Caption-style text data:
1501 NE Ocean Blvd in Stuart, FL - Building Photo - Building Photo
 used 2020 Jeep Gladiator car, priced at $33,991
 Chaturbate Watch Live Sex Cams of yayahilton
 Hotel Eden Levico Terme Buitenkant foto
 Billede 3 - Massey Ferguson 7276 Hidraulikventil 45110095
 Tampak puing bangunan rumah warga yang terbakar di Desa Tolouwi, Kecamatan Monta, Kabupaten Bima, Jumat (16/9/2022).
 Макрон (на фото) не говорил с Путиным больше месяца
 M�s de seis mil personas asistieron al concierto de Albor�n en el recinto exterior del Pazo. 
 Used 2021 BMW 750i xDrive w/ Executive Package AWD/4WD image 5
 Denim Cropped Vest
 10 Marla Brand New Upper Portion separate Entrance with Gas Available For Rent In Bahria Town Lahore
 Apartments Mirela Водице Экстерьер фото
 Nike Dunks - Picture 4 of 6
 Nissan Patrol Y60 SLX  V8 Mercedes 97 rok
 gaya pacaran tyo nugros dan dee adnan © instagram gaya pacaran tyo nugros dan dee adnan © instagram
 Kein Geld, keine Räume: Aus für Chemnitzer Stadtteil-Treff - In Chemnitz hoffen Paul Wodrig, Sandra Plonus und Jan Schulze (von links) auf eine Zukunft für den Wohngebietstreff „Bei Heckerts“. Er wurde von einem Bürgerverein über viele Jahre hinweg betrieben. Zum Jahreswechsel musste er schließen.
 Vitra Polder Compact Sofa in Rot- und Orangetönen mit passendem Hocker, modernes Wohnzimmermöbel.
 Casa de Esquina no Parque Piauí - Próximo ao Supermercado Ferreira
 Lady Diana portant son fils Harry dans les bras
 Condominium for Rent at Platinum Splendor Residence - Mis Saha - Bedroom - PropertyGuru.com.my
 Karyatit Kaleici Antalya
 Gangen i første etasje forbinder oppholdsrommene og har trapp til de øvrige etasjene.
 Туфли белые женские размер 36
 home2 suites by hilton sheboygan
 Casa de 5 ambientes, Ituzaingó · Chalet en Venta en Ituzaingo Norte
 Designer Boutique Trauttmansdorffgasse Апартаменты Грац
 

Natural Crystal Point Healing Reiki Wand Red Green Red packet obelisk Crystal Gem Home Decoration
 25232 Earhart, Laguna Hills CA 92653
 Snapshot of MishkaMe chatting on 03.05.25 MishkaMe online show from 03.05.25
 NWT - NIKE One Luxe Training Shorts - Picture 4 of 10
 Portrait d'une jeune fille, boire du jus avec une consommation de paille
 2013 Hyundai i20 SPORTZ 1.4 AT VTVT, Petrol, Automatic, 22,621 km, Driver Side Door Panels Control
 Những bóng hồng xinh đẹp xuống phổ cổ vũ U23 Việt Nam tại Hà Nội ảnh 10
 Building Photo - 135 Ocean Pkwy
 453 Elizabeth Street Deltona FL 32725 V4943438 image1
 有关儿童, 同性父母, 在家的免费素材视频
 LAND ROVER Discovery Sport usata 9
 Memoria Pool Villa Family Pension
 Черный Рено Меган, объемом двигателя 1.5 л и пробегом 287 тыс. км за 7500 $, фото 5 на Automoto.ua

● Task goal: The entries above should be copied out exactly, with none left out.

● Answer below:
1501 NE Ocean Blvd in Stuart, FL - Building Photo - Building Photo
 used 2020 Jeep Gladiator car, priced at $33,991
 Chaturbate Watch Live Sex Cams of yayahilton
 Hotel Eden Levico Terme Buitenkant foto
 Billede 3 - Massey Ferguson 7276 Hidraulikventil 45110095
 Tampak puing bangunan rumah warga yang terbakar di Desa Tolouwi, Kecamatan Monta, Kabupaten Bima, Jumat (16/9/2022).
 Макрон (на фото) не говорил с Путиным больше месяца
 M�s de seis mil personas asistieron al concierto de Albor�n en el recinto exterior del Pazo. 
 Used 2021 BMW 750i xDrive w/ Executive Package AWD/4WD image 5
 Denim Cropped Vest
 10 Marla Brand New Upper Portion separate Entrance with Gas Available For Rent In Bahria Town Lahore
 Apartments Mirela Водице Экстерьер фото
 Nike Dunks - Picture 4 of 6
 Nissan Patrol Y60 SLX  V8 Mercedes 97 rok
 gaya pacaran tyo nugros dan dee adnan © instagram gaya pacaran tyo nugros dan dee adnan © instagram
 Kein Geld, keine Räume: Aus für Chemnitzer Stadtteil-Treff - In Chemnitz hoffen Paul Wodrig, Sandra Plonus und Jan Schulze (von links) auf eine Zukunft für den Wohngebietstreff „Bei Heckerts“. Er wurde von einem Bürgerverein über viele Jahre hinweg betrieben. Zum Jahreswechsel musste er schließen.
 Vitra Polder Compact Sofa in Rot- und Orangetönen mit passendem Hocker, modernes Wohnzimmermöbel.
 Casa de Esquina no Parque Piauí - Próximo ao Supermercado Ferreira
 Lady Diana portant son fils Harry dans les bras
 Condominium for Rent at Platinum Splendor Residence - Mis Saha - Bedroom - PropertyGuru.com.my
 Karyatit Kaleici Antalya
 Gangen i første etasje forbinder oppholdsrommene og har trapp til de øvrige etasjene.
 Туфли белые женские размер 36
 home2 suites by hilton sheboygan
 Casa de 5 ambientes, Ituzaingó · Chalet en Venta en Ituzaingo Norte
 Designer Boutique Trauttmansdorffgasse Апартаменты Грац
 

Natural Crystal Point Healing Reiki Wand Red Green Red packet obelisk Crystal Gem Home Decoration
 25232 Earhart, Laguna Hills CA 92653
 Snapshot of MishkaMe chatting on 03.05.25 MishkaMe online show from 03.05.25
 NWT - NIKE One Luxe Training Shorts - Picture 4 of 10
 Portrait d'une jeune fille, boire du jus avec une consommation de paille
 2013 Hyundai i20 SPORTZ 1.4 AT VTVT, Petrol, Automatic, 22,621 km, Driver Side Door Panels Control
 Những bóng hồng xinh đẹp xuống phổ cổ vũ U23 Việt Nam tại Hà Nội ảnh 10
 Building Photo - 135 Ocean Pkwy
 453 Elizabeth Street Deltona FL 32725 V4943438 image1
 有关儿童, 同性父母, 在家的免费素材视频
 LAND ROVER Discovery Sport usata 9
 Memoria Pool Villa Family Pension
 Черный Рено Меган, объемом двигателя 1.5 л и пробегом 287 тыс. км за 7500 $, фото 5 на Automoto.ua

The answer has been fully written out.